Another issue worth pondering with this bill: Are we focusing on too much disease versus focusing on health? It’s unfortunate that the Cures Act takes money away from some preventive care efforts — although it will hopefully add some new preventive programs around opioid abuse.

We certainly need to focus on treating illness but that should not happen at the expense of focusing on health. In an ideal world, we do both. However, activities and programs that focus on health and wellness are generally not lucrative and are hard to commercialize, especially for big business.

Which brings up another issue.

What is the impact of promoting more technology on health system costs? We need to be concerned about this because technology breakthroughs, particularly related to innovation in drugs and medical devices, have not generally reduced costs or slowed medical inflation. In fact, it’s been quite the opposite.

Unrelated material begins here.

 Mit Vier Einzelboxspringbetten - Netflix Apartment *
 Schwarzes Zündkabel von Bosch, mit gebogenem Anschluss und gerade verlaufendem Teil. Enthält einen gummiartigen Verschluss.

Although there is some debate about this (the pharma industry points to the fact that more money spent on drugs saves money elsewhere in the healthcare system) the fact is that, often, there is no direct line between more money spent on technology and better health outcomes.

Unfortunately, the Cures Act does not address the elephant in the room of exploding drug prices — I’m looking at you EpiPen and Daraprim. It is only fair that we ensure that American consumers have the ability purchase all these wonderful new treatments that could emerge from the Cures Act. Healthcare industry stakeholders

Healthcare industry stakeholders should advocate strongly for a smooth transition in national health policy so that the largest amount people can take advantage of new taxpayer-funded products and services. And we all need to hold pharma and med device manufacturers’ feet to the fire on the issue of rising prices.